Palladium-Catalyzed Vinylation of Organic Halides


Author(s):
Heck, Richard F.
Volume:
27
Published:
1982

Abstract


The palladium-catalyzed vinylation of organic halides provides a very convenient method for forming carboncarbon bonds at unsubstituted vinylic positions. Generally the reaction does not require anhydrous or anaerobic conditions although it is advisable to limit access of oxygen when arylphosphines are used as a component of the catalyst. The transformation is valuable because it cannot be carried out in a single step by any other known method (except in certain Meerwein reactions).

The organic halide employed is limited to aryl, heterocyclic, benzyl, or vinyl types, with bromides and iodides seen most often. Halides with an easily eliminated beta-hydrogen atom (i.e., alkyl derivatives) cannot be used since they form only olefins by elimination under the normal reaction conditions.
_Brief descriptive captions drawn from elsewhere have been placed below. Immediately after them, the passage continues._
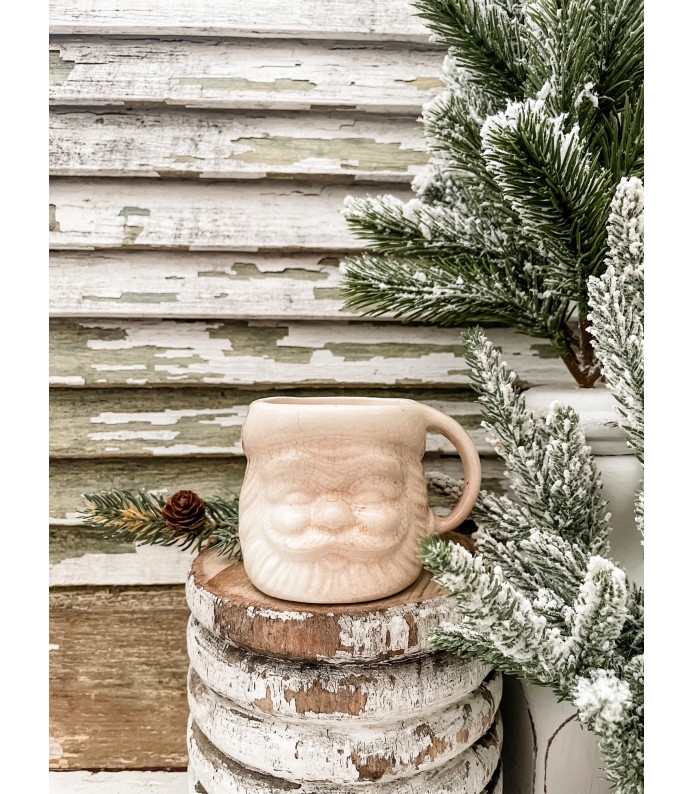 Vintage Rare White Santa Mug - Jolly, Heavily Stained, Crazed - Holiday 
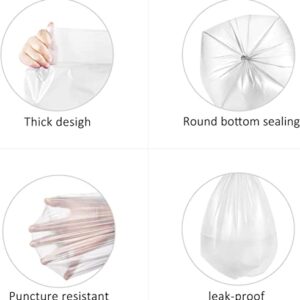 80 Counts Strong Trash Bags Garbage Bags by Teivio, Bathroom Trash Can Bin Liners, Small Plastic Bags for home office kitchen (2.6 Gallon, Clear)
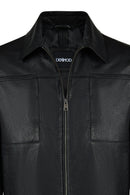 Bastoni Male Black Shirt Collar Leather Jacket | Derimod Bastoni Male Black Shirt Collar Leather Jacket | Derimod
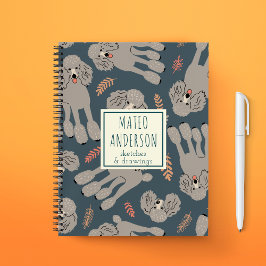 Niedliche Hunde mit Pflanze Personalisiert Name Gr Notizblock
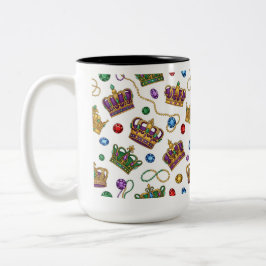 Royal Crowns and Jewels Pattern Mardi Gras Mug ツートーンマグカップ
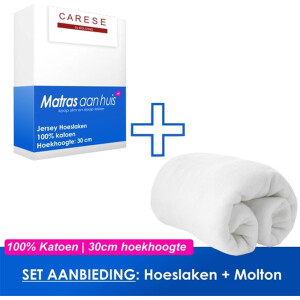SET Hoeslaken en Molton | 140x210/220 cm | 100% katoen | 30 cm hoog | kleur wit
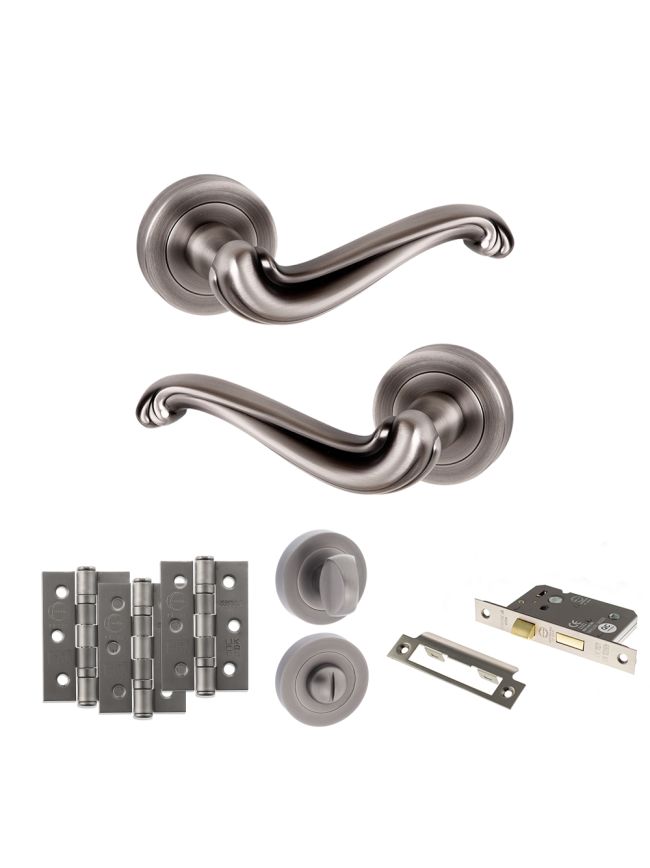 Old English Colchester Door Handle Pack (Bathroom Set - 2.5" CE Bathroom Lock, 3" Fire Rated Hinges x3) - Matt Gun Metal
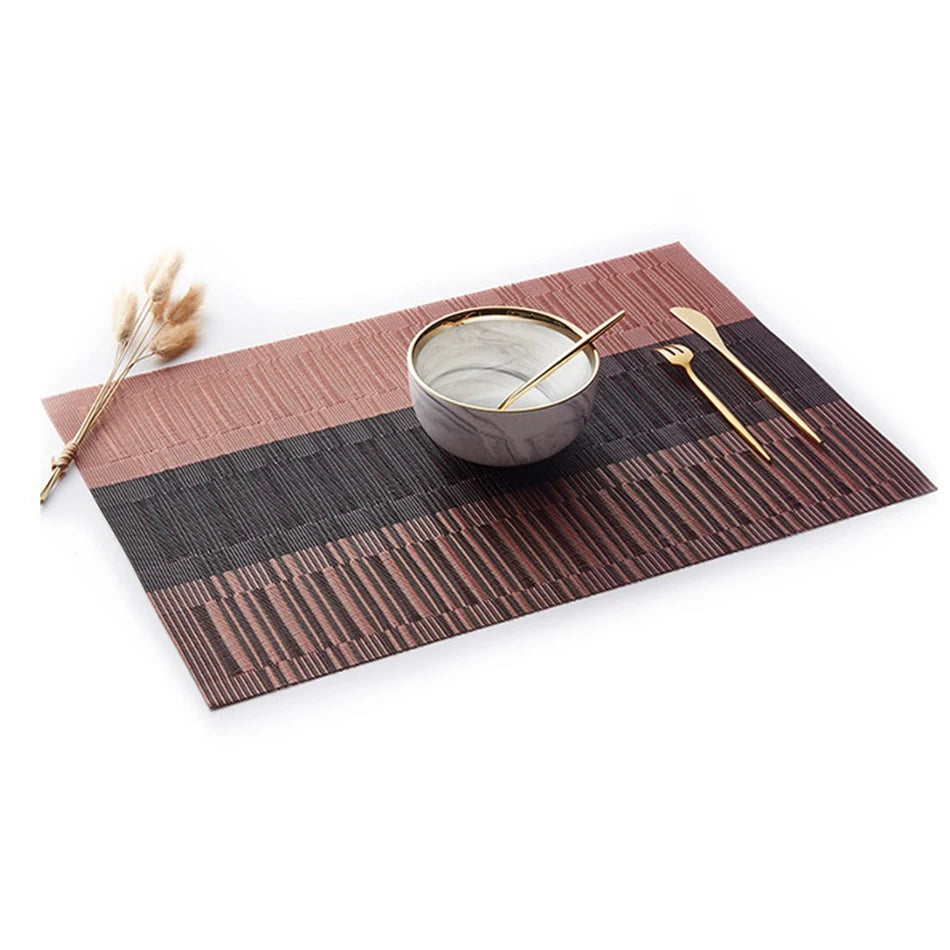 Placemats for Dining Table PVC Bamboo Pattern Table Mats Multiple Colors Non-Slip Heat Resistant Washable Easy to Clean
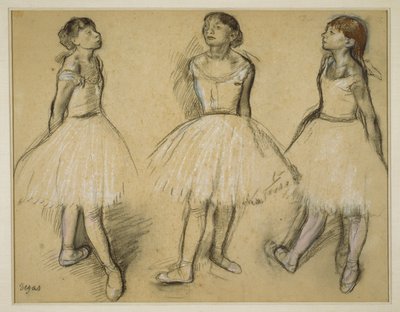 Három tanulmány egy táncosról a negyedik pozícióban alkotó: Edgar Degas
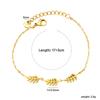 Fashion Design Zircon Splicing Metal Chain Personality Trend Twist Chain Bracelet Stainless Steel Plated 18K Gold Jewelry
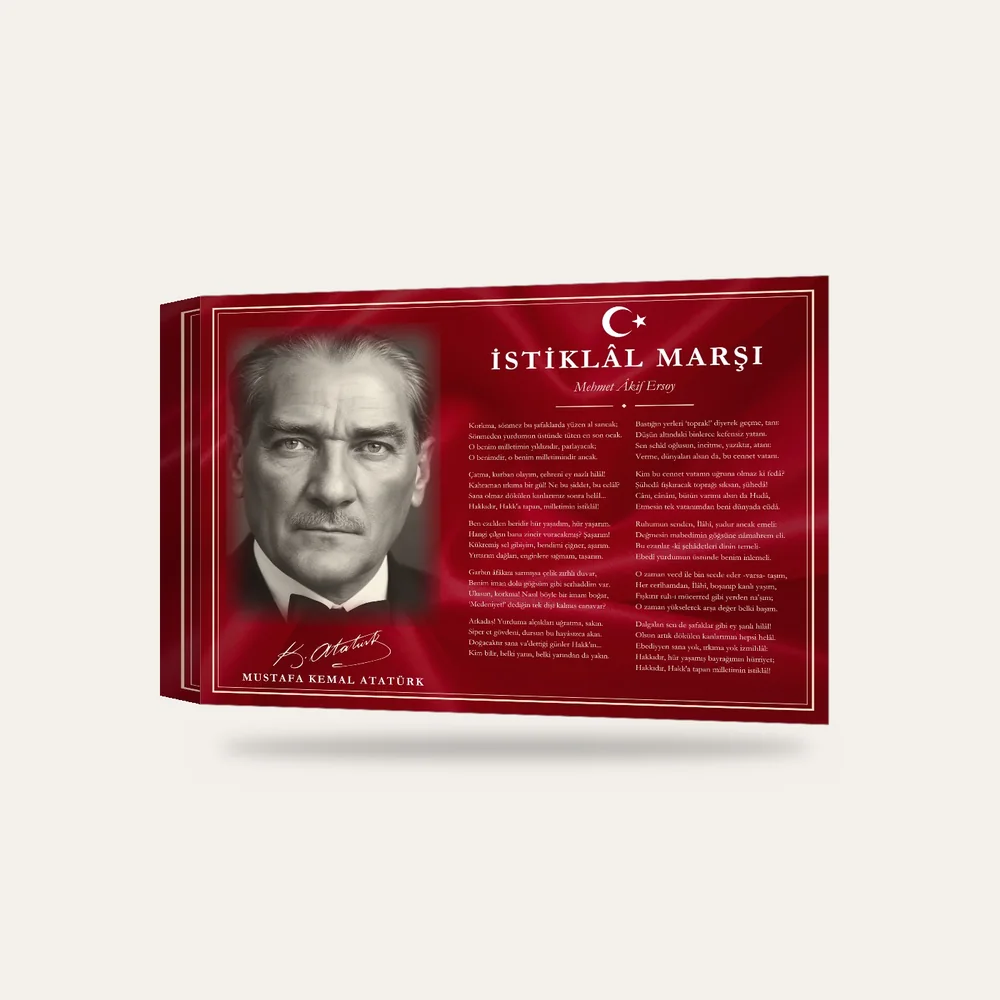 Al Bayrak Kırmızısı Zeminli Atatürk Portreli İstiklâl Marşı Makam Panosu — 3 boyutlu görünüm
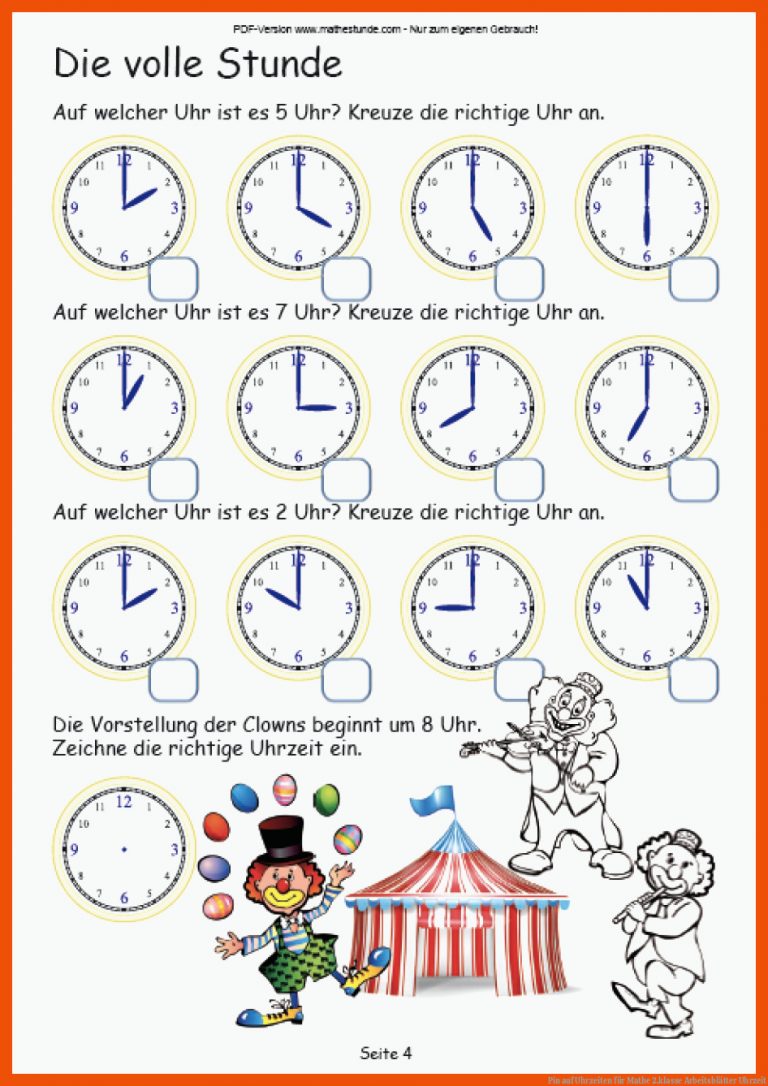 Pin auf Uhrzeiten für mathe 2.klasse arbeitsblätter uhrzeit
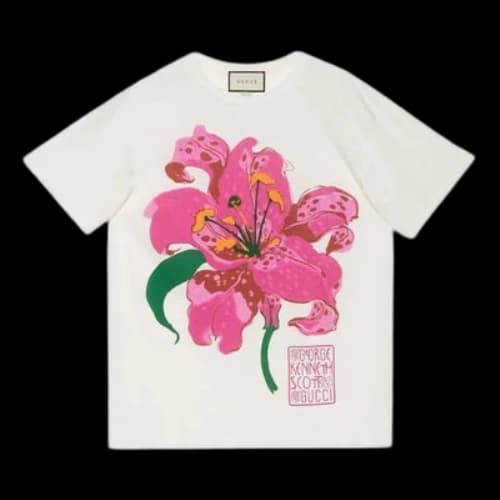 Gucci Ken Scott Flowers Printing Loose Round Neck Short Sleeve White T-Shirt (Women's)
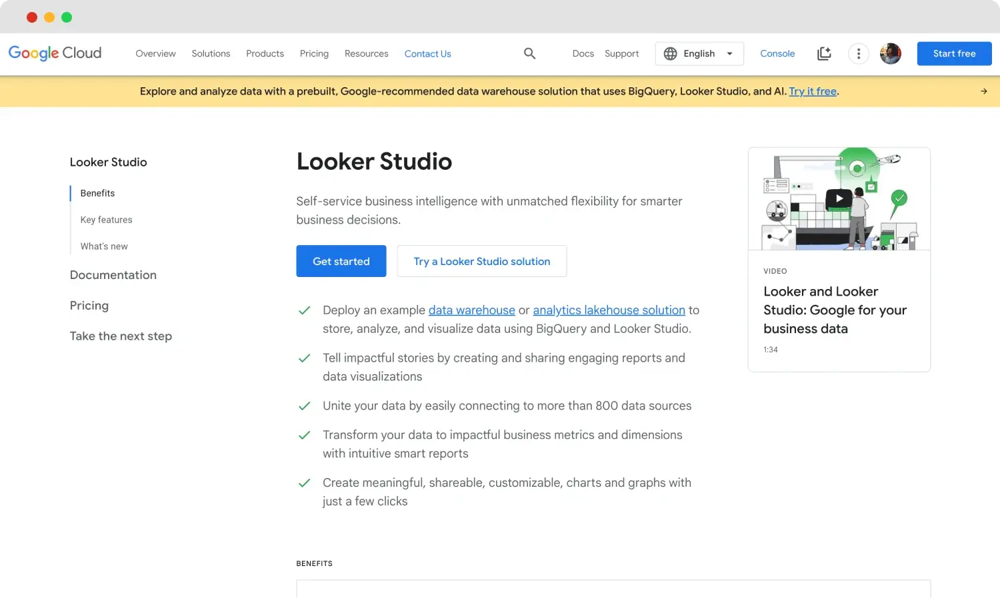 Looker Studio'nun ana sayfası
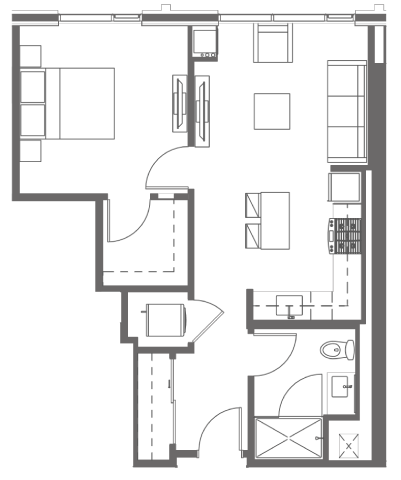 Floor plan for 1 bed, 1 bath, 725 sqft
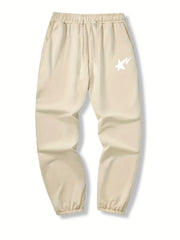 Shooting Star Print Drawstring Sweatpants Loose Fit Pants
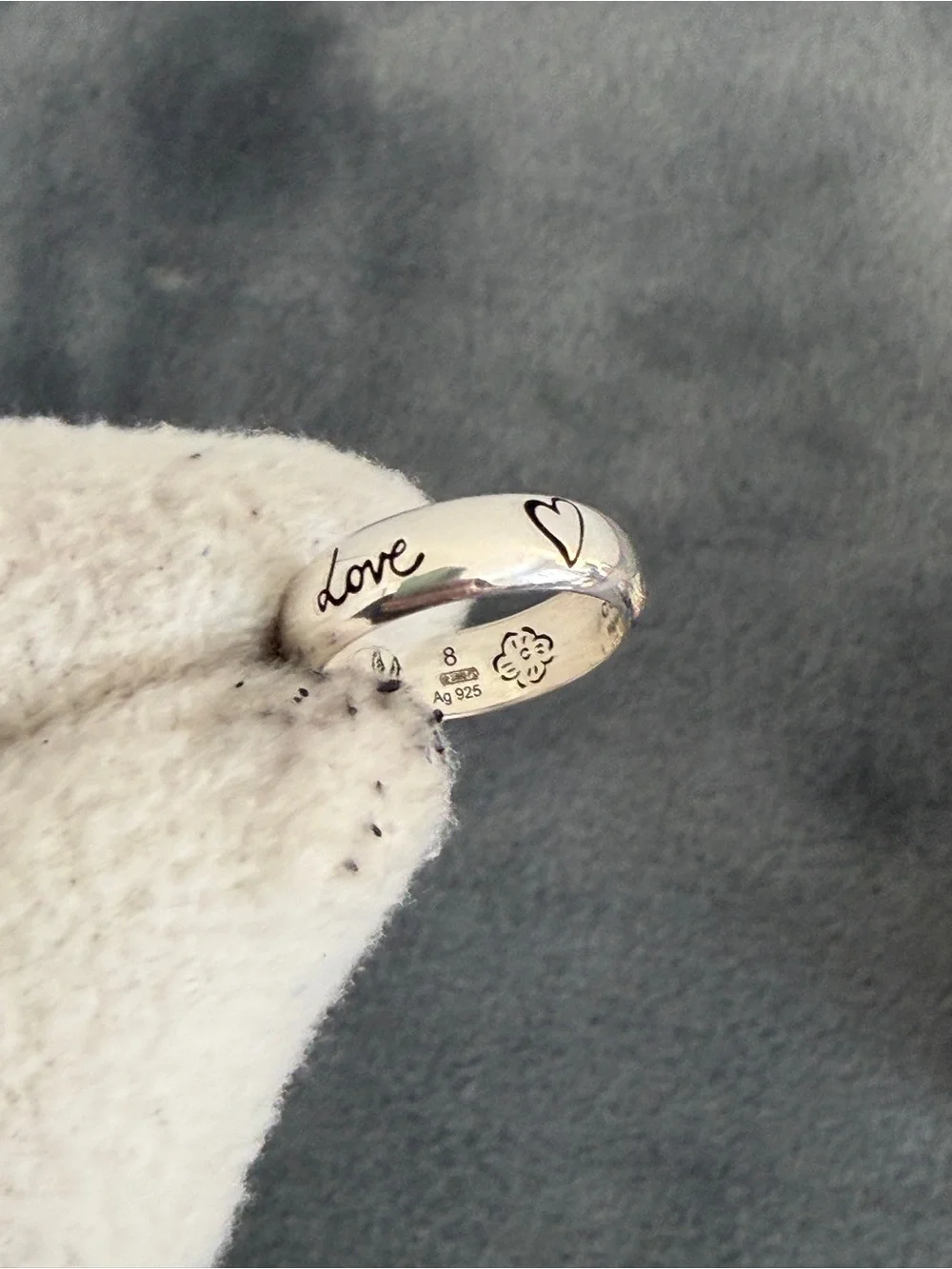 Brand New Gucci Blind for Love Sterling Silver 925 Ring Size 8 (US 4.5)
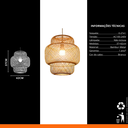 Ver imagem 6 de Luminária Pendente de Bambu Natural 42cm Gourmet para Sala, Quarto, Varanda, Área Interna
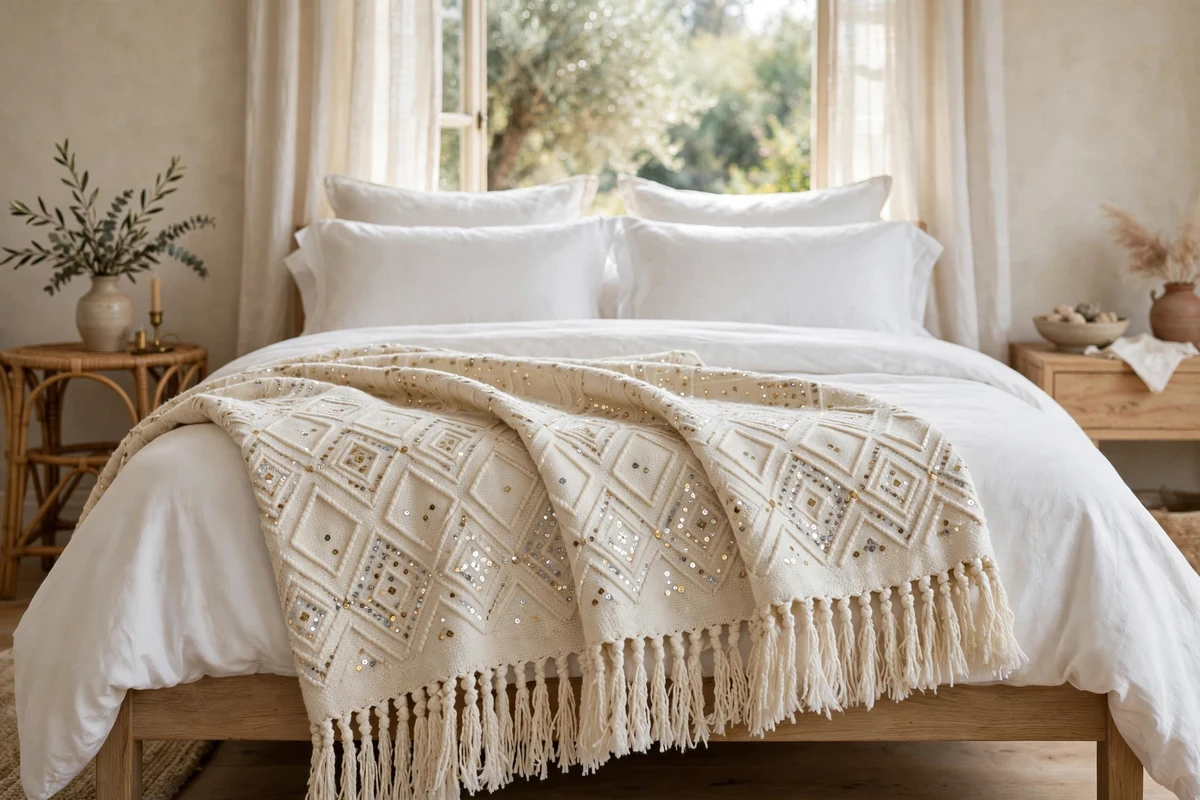 Sequined Moroccan wedding blanket draped at the foot of a bed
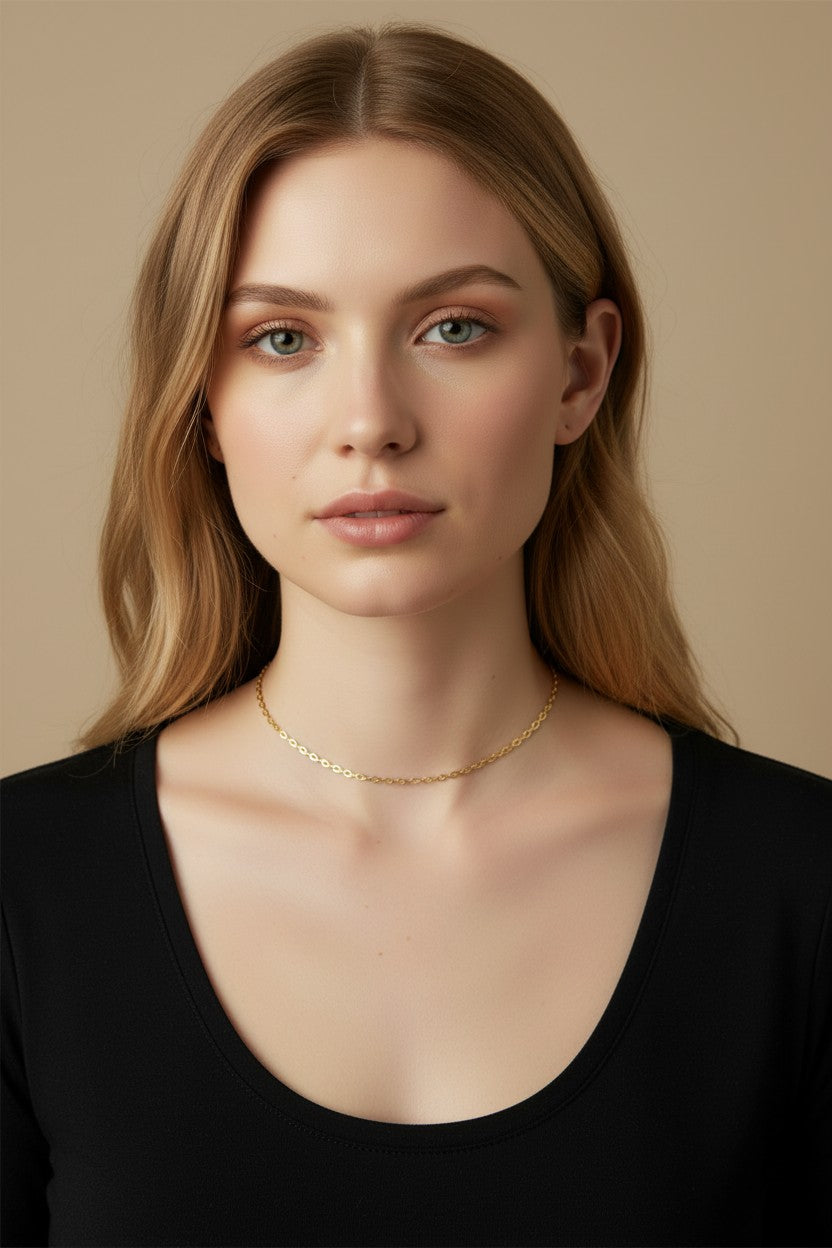 18k Gold Filled Lace Chain Choker Necklace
The base needed may be a secondary or tertiary amine, sodium or potassium acetate, carbonate, or bicarbonate.

When nucleophilic secondary amines are used as coreactants with most vinylic halides, a variation occurs that often produces tertiary allylic amines as major products. The catalyst is commonly palladium acetate, although palladium chloride or preformed triarylphosphine palladium complexes, as well as palladium on charcoal, have been used. A reactant, product, or solvent may serve as the ligand in reactions involving organic iodides, but generally a triarylphosphine or a secondary amine is required when organic bromides are used. The reaction, which occurs between ca. 50° and 160° proceeds homogeneously. Solvents such as acetonitrile, dimethylformamide, hexamethylphosphoramide, N-methylpyrrolidinone, and methanol have been used, but are often not necessary. The procedure is applicable to a very wide range of reactants and yields are generally good to excellent.

Several variations of the reaction are known in which the organic halide is replaced by other reagents such as organometallics, diazonium salts, or aromatic hydrocarbons. These reactions are not discussed in detail, but are only briefly compared with the halide reaction. Other related reactions such as the palladium-catalyzed replacement of allylic substituents with carbanionic reagents, the palladium-promoted nucleophilic substitutions at olefinic carbons, and the numerous palladium-catalyzed coupling reactions of halides and organometallics are also beyond the scope of this review. The palladium-catalyzed vinylic substitution reaction has not yet received much attention from organic chemists, but its broad scope and simplicity demonstrate that it is a useful method for the synthesis of a variety of olefinic compounds.